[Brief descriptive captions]
**********
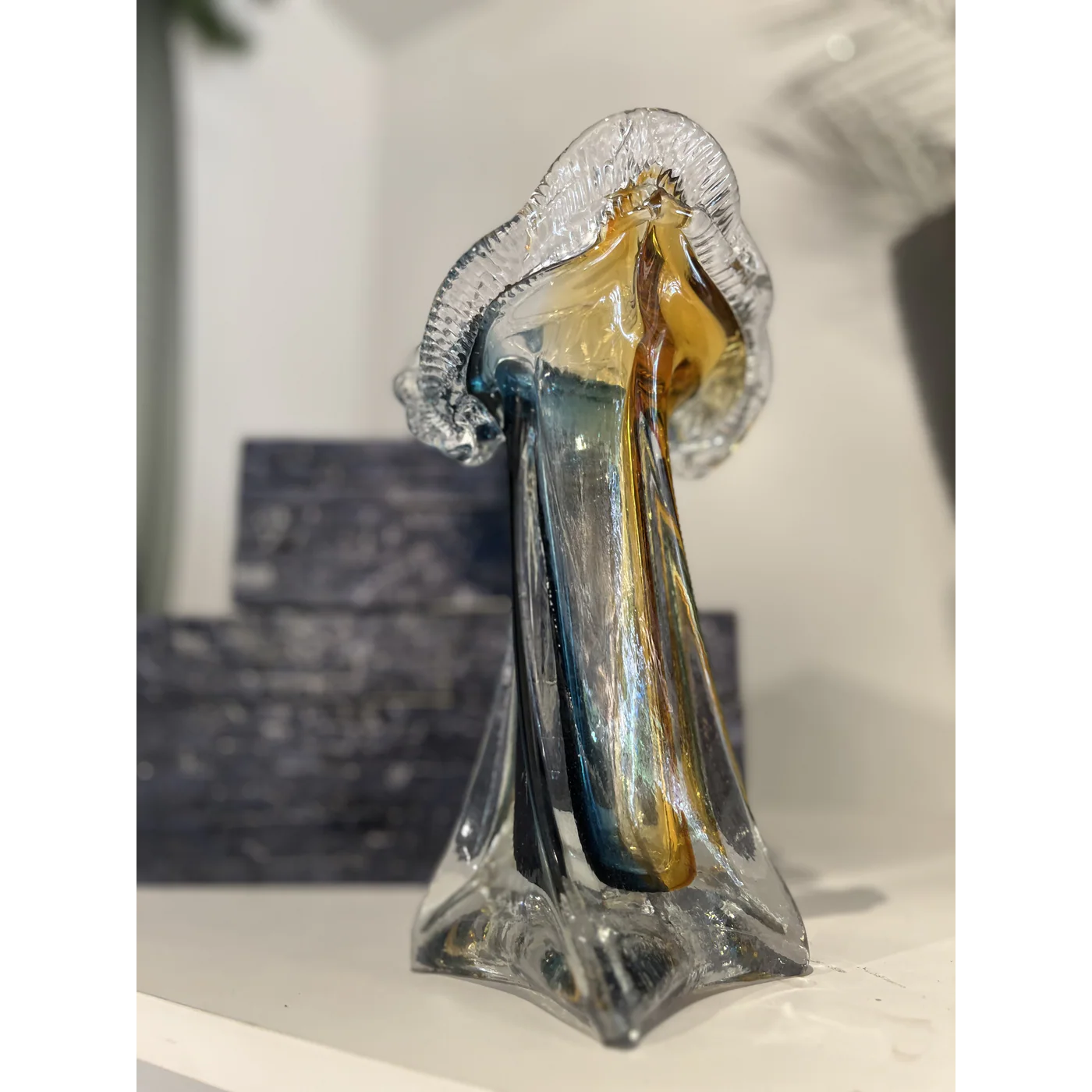 Multicolor Glass Vase - Image 2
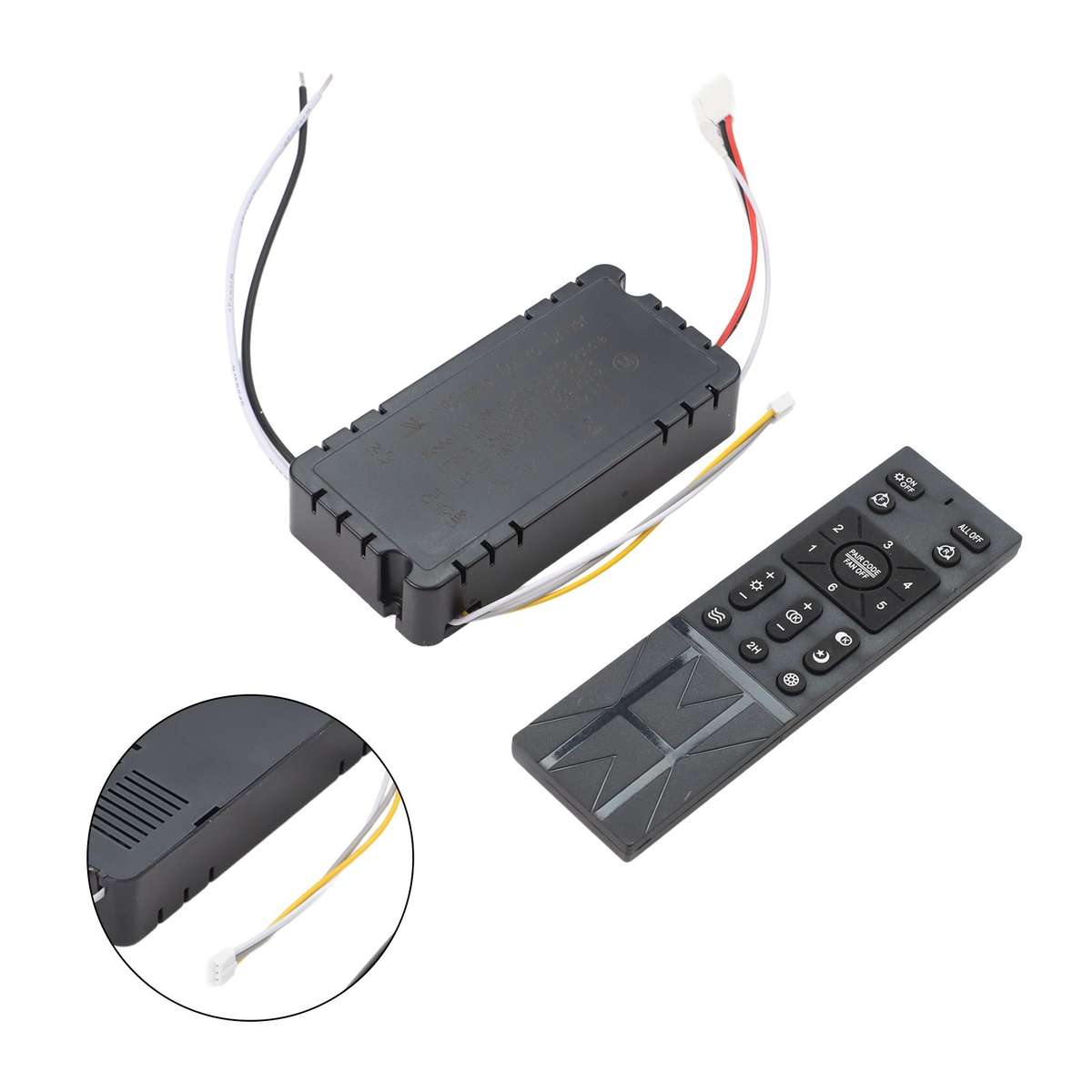 Ceiling Fan Light Remote Control With Flexible Speed Options And Battery Alerts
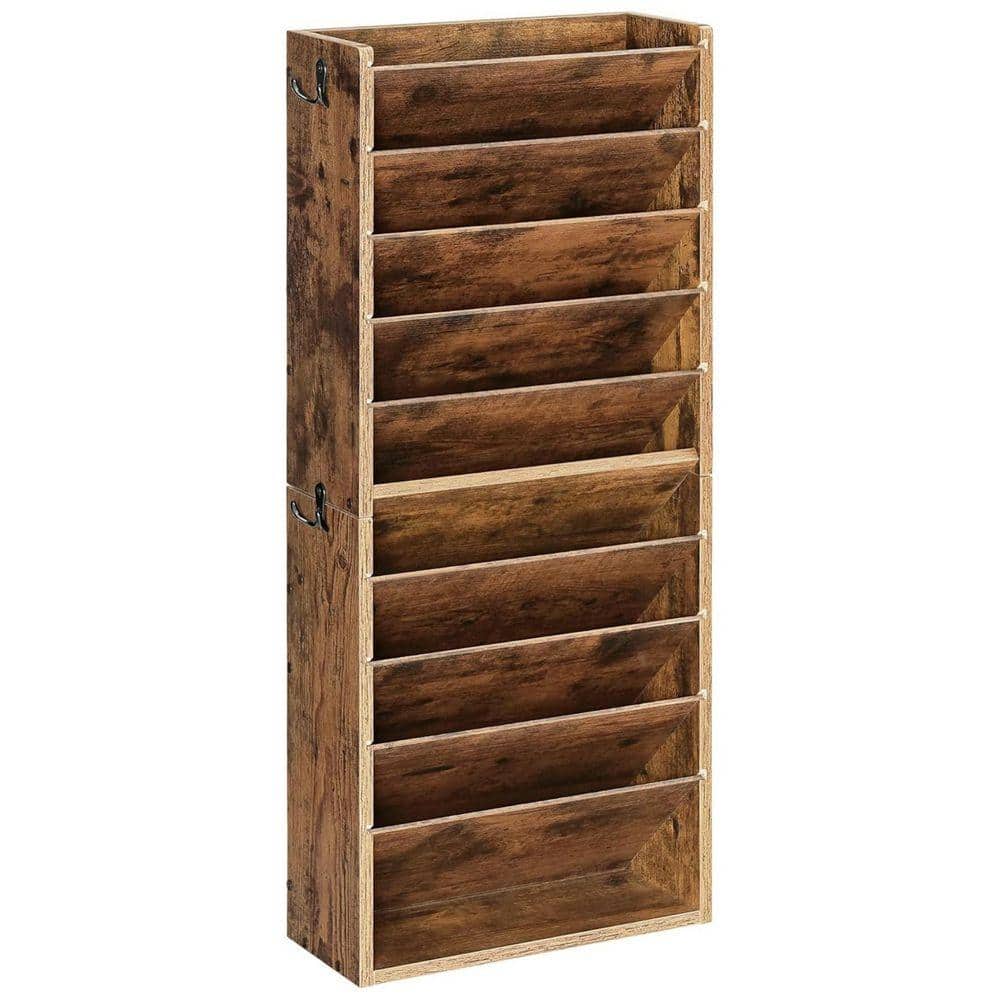 rustic-brown-magazine-racks-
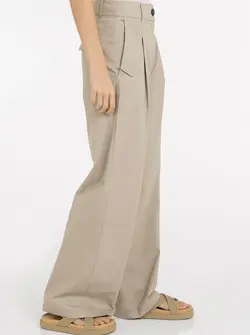 PANTALONS À JAMBES LARGES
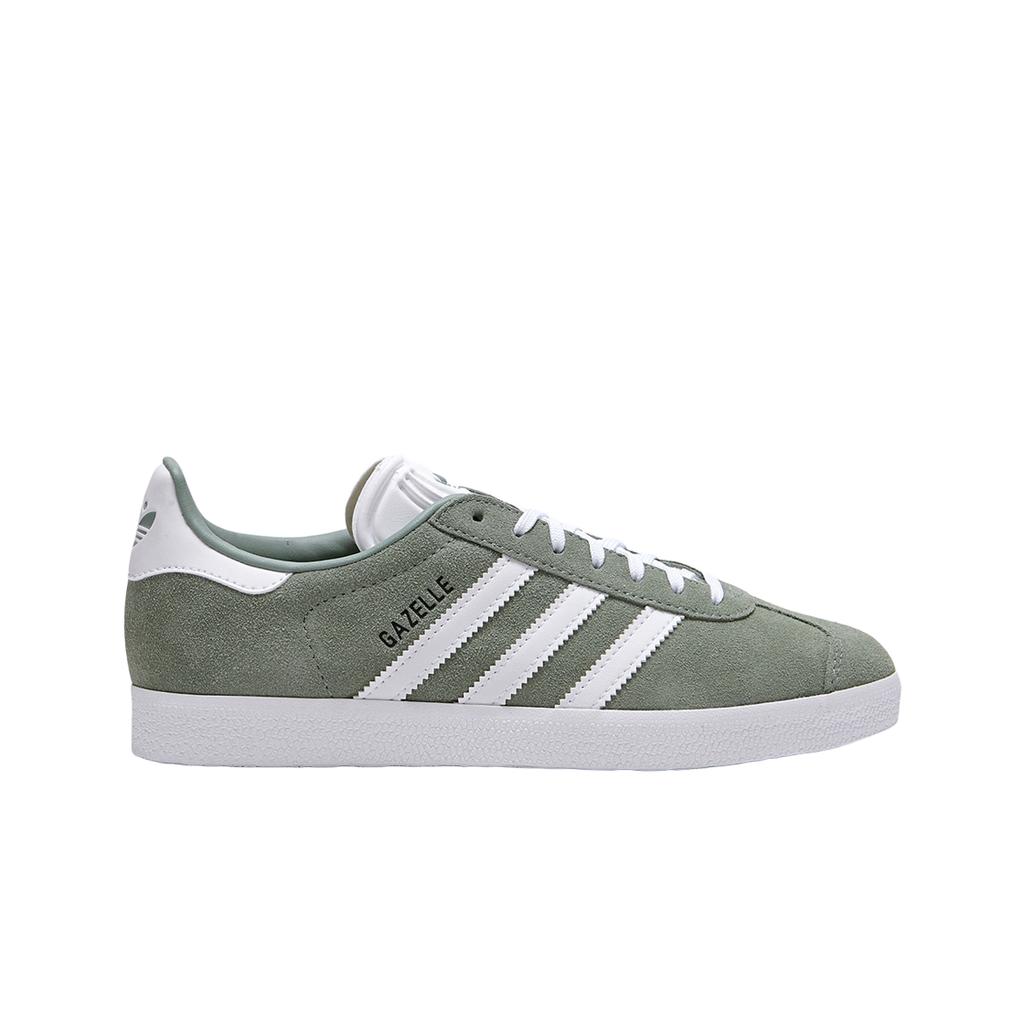 (w) Adidas Gazelle Silver Green White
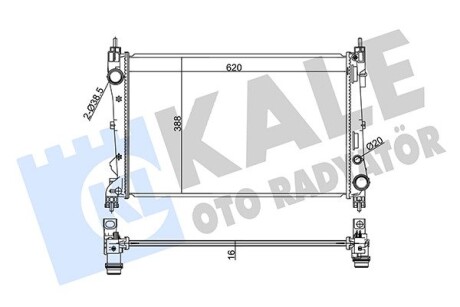 Радіатор охолодження Fiat Doblo, Pratico - Opel Combo Radiator OTO Kale 347325 (фото 1)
**********
_Exercise details_. What you should produce is an exact copy of the records, with the pictures left out.

_Your solution_.
 Multicolor Glass Vase - Image 2
 Ceiling Fan Light Remote Control With Flexible Speed Options And Battery Alerts
 rustic-brown-magazine-racks-
 PANTALONS À JAMBES LARGES
 (w) Adidas Gazelle Silver Green White
 Радіатор охолодження Fiat Doblo, Pratico - Opel Combo Radiator OTO Kale 347325 (фото 1)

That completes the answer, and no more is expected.